We were told that if we defaulted the markets would plunge. We lifted the debt ceiling and the markets are plunging. Did we get it wrong? I think so.

Sam Kirtley wrote:

For the past two years, I have been writing reports with the same title on several occasions. Simply put, if they didn’t stop the deficit spending, there would eventually be a tipping point…and it will be the markets that stop them. It is my take that the markets have finally had enough. Politicians around the globe kept taunting the markets with their out-of-control spending; we may now be seeing the outcome. This is not just about the U.S. but around the globe. It is my take that the recent debt ceiling shenanigans finally showed the markets that nothing was going to get done. Let’s spend $10 trillion more over the next 10 years and then cut $2.4 trillion and call that cutting spending? I don’t think so. But it doesn’t matter what I think. It matters what markets think. Markets are fighting back across the globe. Debt hurts. Gargantuan debt that can never be paid back killls! It amazes me to watch some say we haven’t spent enough. They need to be muzzled! Again, please recall that Lehman, Merrill, Wamu, Countrywide and Bear did not go out of business.

The markets put them out of business.

Maybe we have gone past the tipping point and have tipped into a recession/depression that will rid us of the huge amount of debt that we have accumulated. Both parties have contributed to this and maybe the day of reckoning is upon us.

We need people in Washington DC and in other capitals of the world that understand that creating more money with nothing to back it is worthless. And that redistribution of wealth destroys wealth it doesn’t redistribute it. As Margaret Thatcher said “the problem with Socialism is that sooner or later you run out of the other guy’s money” (paraphrased).

There is a reason that Socialism has failed in every country that it has been tried and it is currently failing in Europe and the United States of America.

More bad news on the employment front.

CalculatedRisk wrote:

There were few jobs created in June (only 18,000 total and 57,000 private sector). The unemployment rate increased from 9.1% to 9.2%, and the participation rate declined to 64.1%. Note: This is the percentage of the working age population in the labor force.

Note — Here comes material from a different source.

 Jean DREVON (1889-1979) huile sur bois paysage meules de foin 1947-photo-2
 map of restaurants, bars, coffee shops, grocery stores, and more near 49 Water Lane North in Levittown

The employment population ratio fell to 58.2%, matching the lowest level during the current employment recession.

U-6, an alternate measure of labor underutilization that includes part time workers and marginally attached workers, increased to 16.2%, the highest level this year.

With unemployment going up and the economy slowing, how could anyone but an ideolog say that we are going in the right direction. And blaming the previous administration is getting very old

What is real is that the economic policies of the current administration aren’t working. Re-distribution of wealth does not spread the wealth, it destroys it. This happens because it take the wealth out of the hands of people who invest it and puts it into the hands of people who destroy it.

The Soviet Union, Cuba, and North Korea are all examples of countries who took class warfare to the extreme and destroyed their economies. Only China has moved somewhat away from the socialist/communist model (although not completely) and they have spurred their economy toward growth by using capitalistic methods. Isn’t it ironic that they are our biggest source of borrowed money (outside of the US Treasury that is).

I believe that until this administration returns to the principles of capitalism or we get a new administration, the US economy will languish.